The pressure is being exerted at a time of heightened fears of rising anti-Semitism on both sides of the Atlantic.
Fears of rising anti-Semitism, specifically in Europe, were raised at a recent European Union conference in Brussels.
Jewish leaders who addressed the conference, organized by the European Commission, called for the Irish UN resolution to be given a new airing.
Cobi Benatoff, president of the European Jewish Congress, urged EU members states to back Ireland’s draft UN resolution condemning anti-Semitism. The resolution was withdrawn by Ireland last December because of a lack of support in the General Assembly.
A separate Irish resolution broadly condemning religious intolerance was instead placed before the assembly. This alternative resolution, which Ireland has fostered every year for two decades, was general in its wording and did not mention any specific religion.
The resolution specifically pointing to anti-Semitism was a response to pressure on the Irish from, among others, the Israeli government. Prompted by a rising number of anti-Semitic incidents, the Israelis asked the Irish to include a reference to anti-Semitism in its annual resolution condemning religious intolerance.
The Irish balked at including a specific religious reference in this resolution and offered instead to introduce a distinct, standalone resolution condemning anti-Semitism in the General Assembly. Support for this resolution was forthcoming from the rest of the EU, the “accession states” about to join the EU, and several other nations, including Canada.

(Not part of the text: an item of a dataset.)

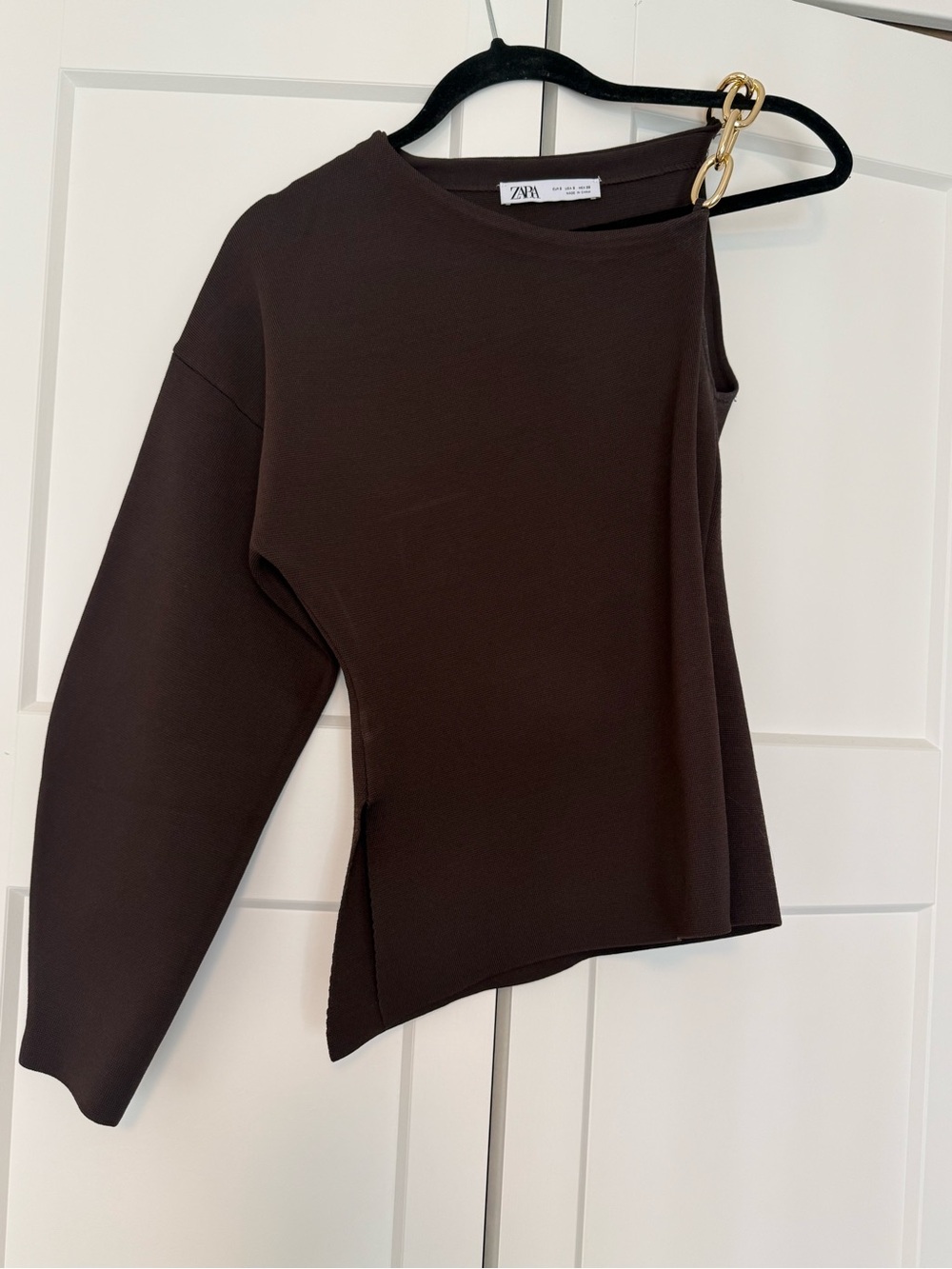 Zara Brown Asymmetric One-Shoulder Sweatshirt with Gold Ring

The proposed standalone resolution condemned “all manifestations of anti-Semitism wherever they occur,” attacks on synagogues and other religious places, sites and shrines and all “intolerance, incitement, harassment or violence against persons or communities based on ethnic origin or religious belief.”
But a number of UN member states, including many Arab and Muslim ones, insisted that the standalone resolution also include condemnation of intolerance against other named religious and ethnic groups.

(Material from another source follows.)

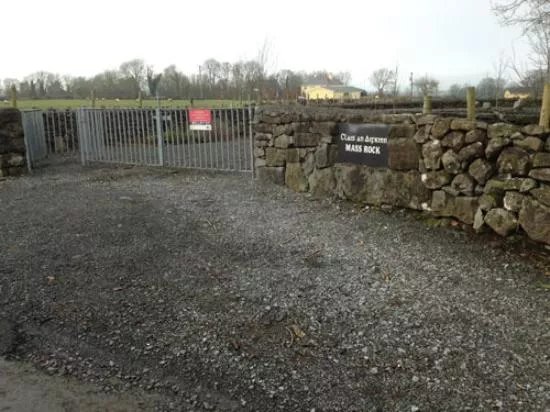 Mass Rock - Clais an Aifrinn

The disagreement among assembly members prompted Ireland to withdraw the more specifically worded resolution and offer only the generally worded condemnation.

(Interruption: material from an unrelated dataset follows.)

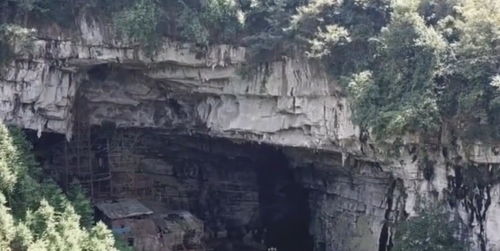 贵州深山里隐藏一大山洞,走过洞后还有洞,适合隐居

The anti-Semitism resolution was mothballed, but not torn up, an Irish diplomatic source stated this week.
This means that pressure to revive it could emerge at the upcoming six-week session of the United Nations Human Rights Commission in Geneva.
If it holds to form, the Geneva session would a strongly political one and an “obvious forum” for an effort to revive the Irish resolution, the source said, while adding that Ireland had no current plans to actually reintroduce the resolution.